Reports reveal that the number of monsoon rainfall deficient years in the Northeast has been growing since 2001. Arunachal Pradesh Meteorological Sub-division has recorded five monsoon rainfall deficient years, while the Assam-Meghalaya Meteorological Subdivision recorded six monsoon rainfall deficient years, with the Nagaland-Manipur-Mizoram-Tripura Meteorological Sub-division recording four monsoon rainfall deficient years since 2001.
Further figures show, month of July was the driest this monsoon as Arunachal Pradesh, Assam and other NE states received very little rain.

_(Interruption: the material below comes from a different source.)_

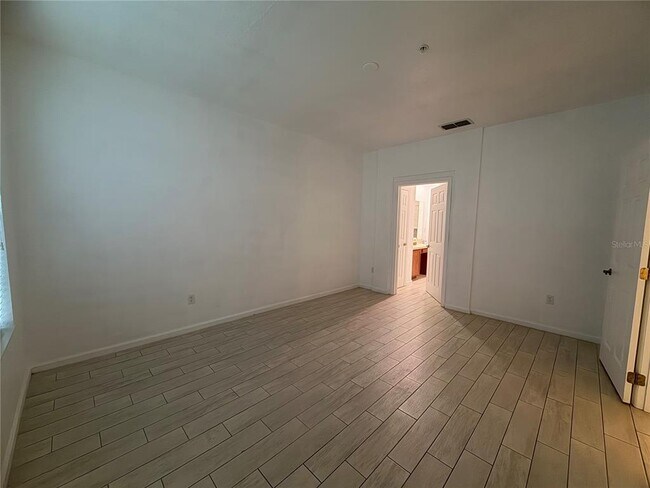 Building Photo - 3001 Laurel Park Ln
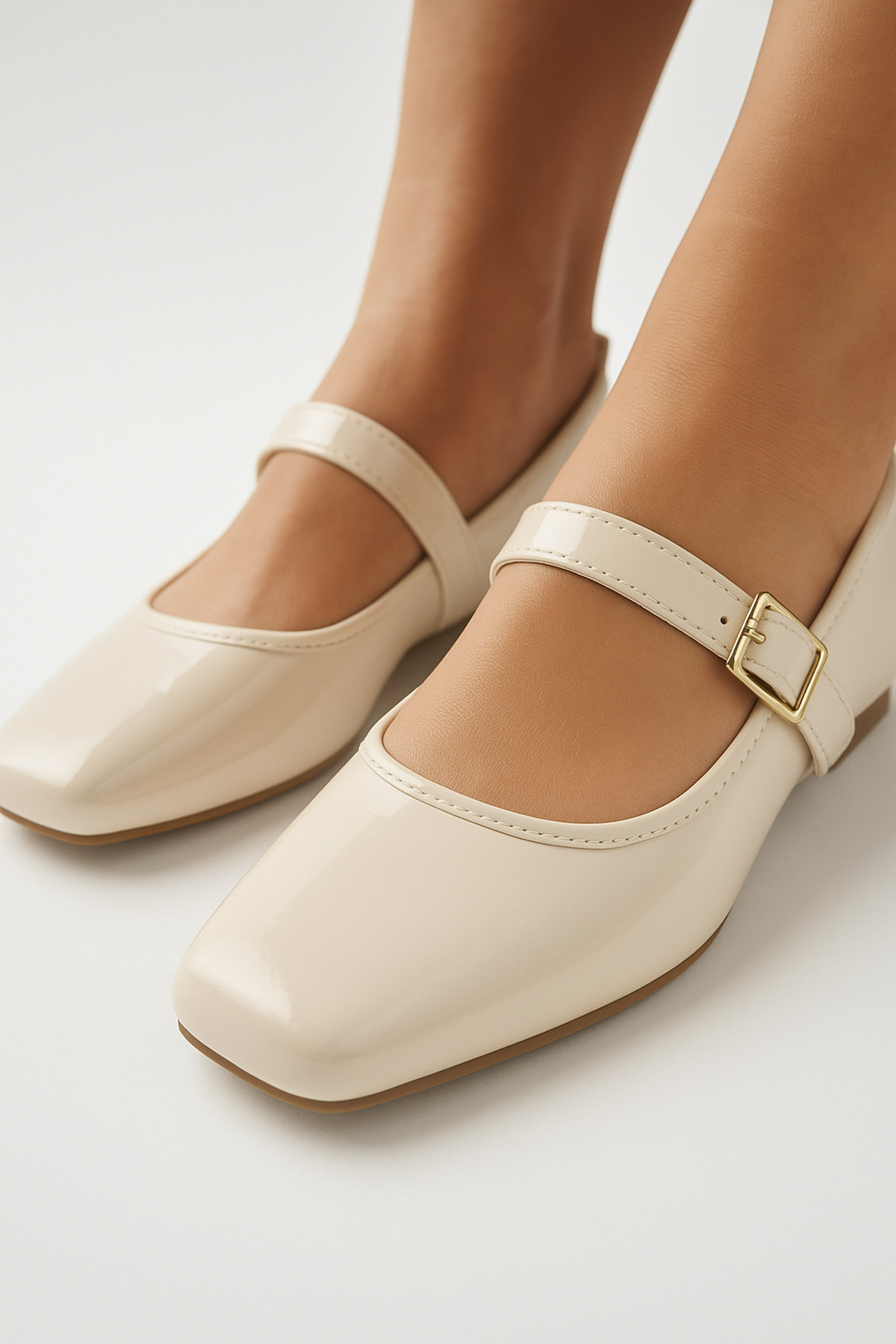 StWenn  Kadın Babet Ayakkabı Rugan Krem Altın Tokalı Şık Hafif Ortopedik Ses Yapmaz Taban - Görsel 8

According to Arunachal Meteorology Subdivision, the state faced a deficit of 36%, while Assam and the NMMT(Nagaland, Meghalaya, Mizoram, Tripura) belt were reeling under a 45% and 61% rainfall deficit respectively, till the month of July.
Since only six per cent of the state`s cultivable land has access to irrigation facility, farmers organization in Assam this year, raised an alarm over the deficit rainfall situation and exhorted upon the state government to undertake emergency measures to tackle the imminent ‘drought like situation’.
“Having a look at the major city figures, we see that there has been a deficit of 25%, 32%, 15% in Guwahati, Agartala and Imphal respectively, for the entire monsoon season (June to Sept), informs Samar Chaudhury, a senior meteorologist at Skymet Weather. “Sadly so, one of the wettest states in the world, Cherrapunji, has also suffered a rain deficit of 16% so far, with only 3749mm of rain recorded, as opposed to the normal of 4455mm”, added Chaudhury.
“As compared to last year, the rainfall deficit figures are way more this year. Last year, the rainfall figures in most parts of northeast India, except Agartala, hovered around the normal average. The reasons are many. This year, only one depression formed in the Bay of Bengal and all the low pressure systems that did form went westwards, towards central India, giving heavy rain at Orissa, Madhya Pradesh and Gujarat”, says Mahesh Palawat, head of the Meteorological team at Skymet.
“Also, no major western disturbance affected the Indian subcontinent this year. These western disturbances usually move towards northeast India, after affecting north India. Therefore it was just the monsoon trough giving rain to the northeast sector. And it was due to little scattered rain this year that the mercury rose to absurd levels”, Palawat added further.
This monsoon maximums rose to 38 degrees in many parts of Arunachal Pradesh. Assam too, was seen recording 35 degree Celsius, continuously in the month of July and August, due to little rain”,
Some believe, other than the uncontrollable weather related factors, it is the direct interference of humans with the nature, i.e. building too many dams and diverting major rivers, that has been the major reason for decreased rainfall activity over the years in the northeast.